Giter VIP home page Giter VIP logo

kaggle_titanic_ml_for_disaster's Introduction

Kaggle: Titanic ML for Disaster

The goal of this project is to predict who would survive onboard the famous Titanic disaster. This project is a popular Kaggle competition called 'Titanic: Machine Learning from Disaster'. https://www.kaggle.com/c/titanic

I used this project to practice my data handling skills in Python, aswell as gaining experience using the Scikit-learn library for a binary classification problem.

Table of Contents

Introduction to the Challenge

The aim of this project is to use machine learning techniques to predict whether a person would have survived or not survived the titanic disaster. 1502 out of 2224 passengers and crew onboard the Titanic died. A training dataset is provided including whether each person survived. A Test dataset is also provided but without any indication of survival. The final score is determined by what percentage are correctly predicted to have survived.

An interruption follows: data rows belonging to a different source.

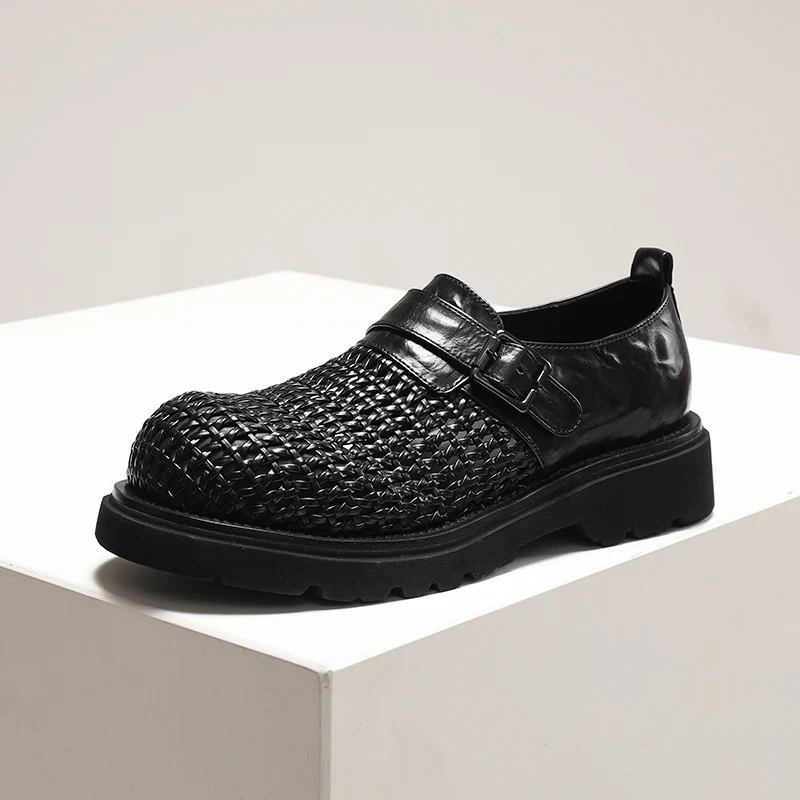 

Men Summer Hollow Out Leather Slip on Shoes Thick Sole Breathable Casual Sandals Men Shoes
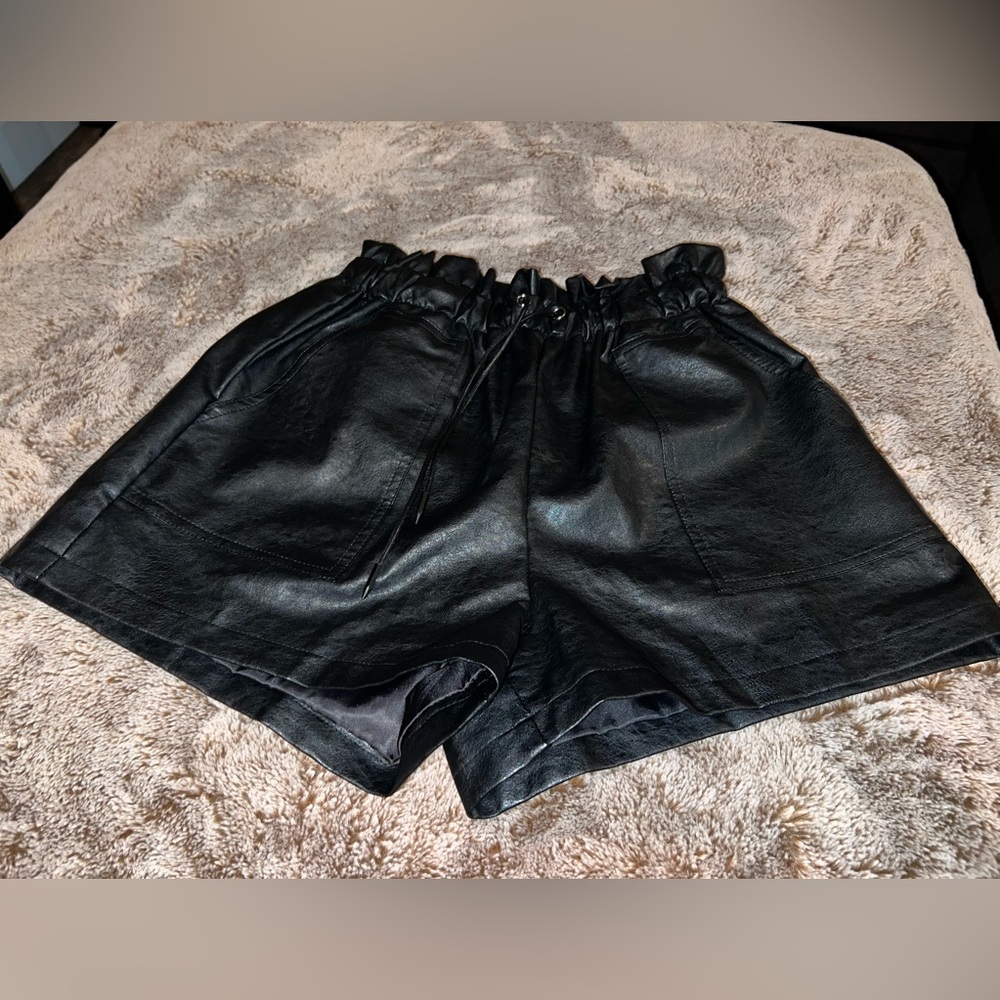 Paper bag short
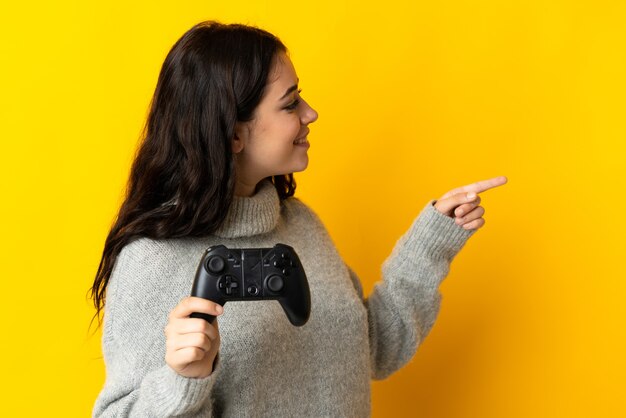 Donna che gioca con un controller di videogiochi isolato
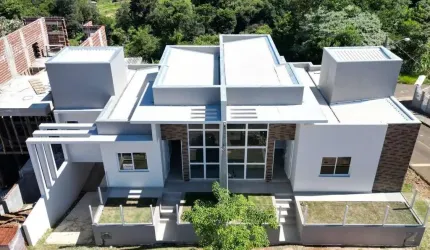 CASA GEMINADA NO DESBRAVADOR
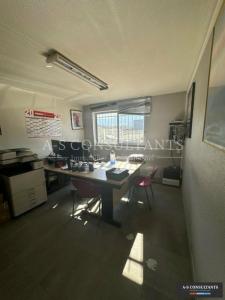 Louer Commerce Motte-servolex 32400 euros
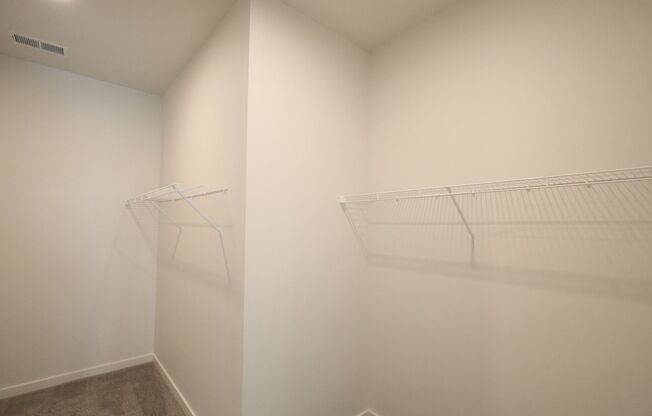 3 beds, 2 baths, 1,625 sqft, $4,000, Unit 914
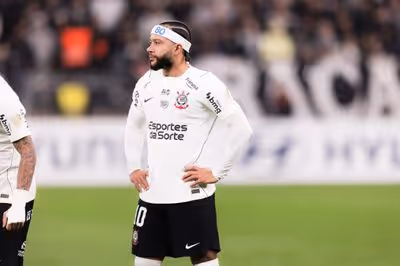 Entenda o atual estágio das negociações entre Memphis Depay e Corinthians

NOTE: A Survived value of 1 means the person survived and a 0 means they didn't survive.

Data

Two datasets are provided:

  • Training dataset: 891 passengers information provided
  • Test dataset: 418 passengers information provided

Details - https://www.kaggle.com/c/titanic/data

My Approach

I split the project into two phases:

  • Data Preparation

    • Feature Engineering
    • Data Cleaning and Formatting
  • Training and Evaluation

    • Searching for optimal training parameters for chosen method
    • Evaluation by 5 or 10 fold cross validation
    • Assess learning curves of optimal learning parameters

Data Prep

I prepped the data in two different ways.

  • Prep 1 : Submission 1-5
  • Prep 2 : Submissions 6-10

Prep 1

Feature Engineering

This was a very simple approach to preparing the data, designed to create a benchmark value.
The feature engineering simply involved either accepting or rejecting a provided feature. Simple linear relationships were assessed between each feature before accepting or rejecting.

6 Features were accepted:

  • Pclass
  • Sex
  • SibSp
  • Parch
  • Fare
  • Embarked

All other feature were thrown away. No new features were created or calculated

Data Cleaning and Formatting

Any missing values (there isn't many for these features), was imputed by using the most common value for categorical data and the mean for numerical data. Standardize Scaling was applied where appropriate, although decision trees were most used for training and therefore scaling was not required. Ordinal Encoding was often adequate for this data although OneHotEncoding is easily applied if thought to be more suitable.

Prep 2

Feature Engineering

More effort was put into this version of prepping the data. Particular effort was put into adapting the Age, Fare, Name, SibSp and Parch features to extract more useful information.

Name: The actual name of the passengers is probabaly unimportant but the title can indicate both sex and potential age. Titles were extracted from the names. The categories were split into Mr, Master, Mrs, Miss and other.

Fare: Opposed to Prep 1, I took the raw fare values and split them into 3 bands. This somewhat acted as a similar feature to Pclass. The mean survival was 0.58 for people paying over £30 for their ticket opposed to 0.2 when payed less than £10.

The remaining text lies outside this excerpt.